Выбрать главу

Другая возможность – удовлетвориться меньшим, то есть решением, которое не слишком далеко от наилучшего, но которое проще найти. В некоторых случаях этого можно добиться, воспользовавшись поразительным открытием, сделанным в 1890 году в настолько новой области математики, что многие ведущие ученые того времени не видели в ней никакой ценности и зачастую не верили результатам, которые постепенно получали их более прогрессивные коллеги. Менее приятным было то, что решаемые ими задачи воспринимались «математикой для математики» и внешне не имели взаимосвязи с чем-то в реальном мире. Их результаты считались абсолютно искусственными, а новые геометрические фигуры, которые они строили, даже окрестили «патологическими». Многие были убеждены, что эти ученые, даже если их результаты верны, не продвигают математику вперед, а лишь воздвигают глупые препятствия, мешающие прогрессу.

* * *

Один из методов поиска хороших, но не оптимальных решений задачи коммивояжера родился из таких глупых препятствий. Несколько десятилетий на переломе XIX и XX веков математика находилась в состоянии перехода. Царивший ранее авантюризм почти исчерпал себя, а игнорирование таких фундаментальных вопросов, как «о чем, собственно, идет речь?» и «действительно ли все так очевидно, как всем кажется?», сеяло смятение и растерянность там, где требовались ясность и понимание. Беспокойство по поводу таких продвинутых областей, как дифференциальное и интегральное исчисление, где математики легко и непринужденно разбрасывались бесконечными процессами, постепенно переходило с изотерических вещей на повседневные. Вместо сомнений в интегралах сложных математических функций вроде комплексного логарифма математики стали задаваться вопросом о том, что такое функция. Вместо того чтобы определять непрерывную кривую как кривую, которую можно «свободно нарисовать от руки», они стремились к большей строгости и обнаруживали ее отсутствие. Даже природа такого фундаментального и очевидного объекта, как число, вдруг оказалась весьма туманной. И речь здесь не только о новых конструктах, таких как комплексные числа: речь шла о добрых старых натуральных числах 1, 2, 3. Традиционная математика продолжала идти вперед, опираясь на предположение, что вопросы такого рода со временем непременно разъяснятся и все будет хорошо. Логический статус основ можно было без опаски оставить занудам и педантам. И все же… постепенно формировалось мнение о том, что такой неосмотрительный подход к дисциплине долго не продержится.
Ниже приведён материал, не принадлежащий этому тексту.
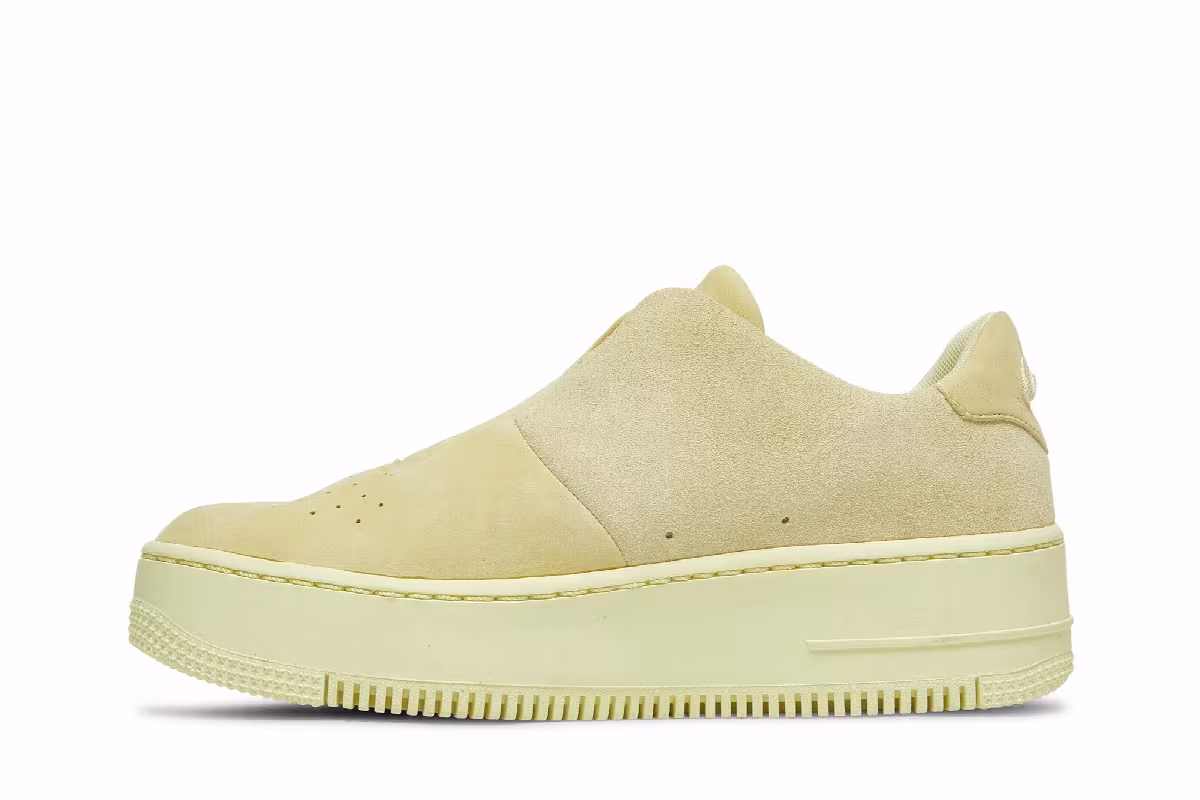 Nike Women's Air Force 1 Sage XX, view 4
Дело по-настоящему осложнилось, когда прежние сумасбродные методы стали давать противоречащие друг другу ответы. Теоремы, издавна считавшиеся правильными, оказывались неверными в особых обстоятельствах. Интеграл, вычисленный двумя способами, давал разные ответы. Последовательности, сходившиеся, как считалось, при всех значениях переменной, иногда расходились. Конечно, все было не настолько плохо, как если бы вдруг обнаружилось, что 2 + 2 иногда равно 5, но все эти странности заставили некоторых ученых задуматься о том, что такое на самом деле 2 и 5, не говоря уже о знаках + и =.

Так что, не прислушиваясь к скептическому большинству – или прислушиваясь не слишком сильно, чтобы изменить свое мнение, – немногочисленные педанты разворошили математическое здание сверху донизу в поисках прочной основы, а затем начали перестраивать его с самого фундамента.

Как при всякой перестройке, получившийся со временем результат отличался от оригинала в некоторых тонких, но тревожных аспектах. Оказалось, что в понятии кривой на плоскости, существовавшем в математике со времен древних греков, имеются скрытые глубины. Традиционные примеры – окружности, эллипсы и параболы Евклида и Эратосфена, квадратриса, которую греки использовали для трисекции углов и поиска квадратуры круга, лемниската философа-неоплатоника Прокла, овалы Джованни Доменико Кассини, циклоиды и их более сложные отпрыски, такие как гипоциклоиды и гиперциклоиды Оле Рёмера, – обладали собственным очарованием и привели в свое время к замечательным успехам. Но, подобно тому как домашние животные создают обманчивую картину жизни в тропических лесах и пустынях, эти кривые были слишком правильными, чтобы представлять дикие сущности, обитающие в математических джунглях. В качестве примеров потенциальной сложности непрерывных кривых они не годились, поскольку были чересчур простыми.